*DESCRIPTION OF THE TASK:* Copy out every line of the records where the string "Pink" occurs.

Scraped caption text data
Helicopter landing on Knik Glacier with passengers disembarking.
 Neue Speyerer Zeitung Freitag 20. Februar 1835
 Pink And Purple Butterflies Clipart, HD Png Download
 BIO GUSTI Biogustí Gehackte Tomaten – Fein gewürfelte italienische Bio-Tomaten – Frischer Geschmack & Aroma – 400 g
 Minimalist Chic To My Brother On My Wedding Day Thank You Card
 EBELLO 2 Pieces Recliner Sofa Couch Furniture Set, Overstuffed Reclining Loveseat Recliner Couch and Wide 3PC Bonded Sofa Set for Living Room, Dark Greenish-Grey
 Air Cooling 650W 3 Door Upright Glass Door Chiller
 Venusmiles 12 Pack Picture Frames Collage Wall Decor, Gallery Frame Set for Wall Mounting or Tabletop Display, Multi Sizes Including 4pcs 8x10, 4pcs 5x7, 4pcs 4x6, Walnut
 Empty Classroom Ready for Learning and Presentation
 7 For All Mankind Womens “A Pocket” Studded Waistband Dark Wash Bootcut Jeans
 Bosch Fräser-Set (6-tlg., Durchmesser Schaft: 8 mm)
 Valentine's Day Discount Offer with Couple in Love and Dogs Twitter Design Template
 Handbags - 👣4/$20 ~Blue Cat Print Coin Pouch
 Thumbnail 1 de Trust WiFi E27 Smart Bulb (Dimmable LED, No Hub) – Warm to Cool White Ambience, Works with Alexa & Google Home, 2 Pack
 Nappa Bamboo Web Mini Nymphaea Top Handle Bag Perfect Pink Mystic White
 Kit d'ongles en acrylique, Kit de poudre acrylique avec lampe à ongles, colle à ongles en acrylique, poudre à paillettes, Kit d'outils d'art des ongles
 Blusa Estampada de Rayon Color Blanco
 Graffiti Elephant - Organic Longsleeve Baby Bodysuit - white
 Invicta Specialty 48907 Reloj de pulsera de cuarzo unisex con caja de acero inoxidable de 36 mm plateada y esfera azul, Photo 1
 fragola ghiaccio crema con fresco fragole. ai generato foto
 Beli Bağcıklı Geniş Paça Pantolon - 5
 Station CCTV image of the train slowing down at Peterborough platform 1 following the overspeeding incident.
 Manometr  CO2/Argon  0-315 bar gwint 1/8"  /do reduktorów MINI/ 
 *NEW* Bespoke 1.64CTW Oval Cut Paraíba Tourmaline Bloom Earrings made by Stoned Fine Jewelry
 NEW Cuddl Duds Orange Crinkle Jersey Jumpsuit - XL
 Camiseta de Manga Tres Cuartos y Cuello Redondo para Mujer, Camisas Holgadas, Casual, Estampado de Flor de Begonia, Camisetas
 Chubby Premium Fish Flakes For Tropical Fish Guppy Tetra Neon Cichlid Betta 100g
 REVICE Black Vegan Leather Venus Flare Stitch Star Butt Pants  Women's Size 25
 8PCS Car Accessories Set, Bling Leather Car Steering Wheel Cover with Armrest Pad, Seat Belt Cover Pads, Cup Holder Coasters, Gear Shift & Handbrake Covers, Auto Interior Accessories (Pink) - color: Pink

*RESPONSE:*
 Pink And Purple Butterflies Clipart, HD Png Download
 Nappa Bamboo Web Mini Nymphaea Top Handle Bag Perfect Pink Mystic White
 8PCS Car Accessories Set, Bling Leather Car Steering Wheel Cover with Armrest Pad, Seat Belt Cover Pads, Cup Holder Coasters, Gear Shift & Handbrake Covers, Auto Interior Accessories (Pink) - color: Pink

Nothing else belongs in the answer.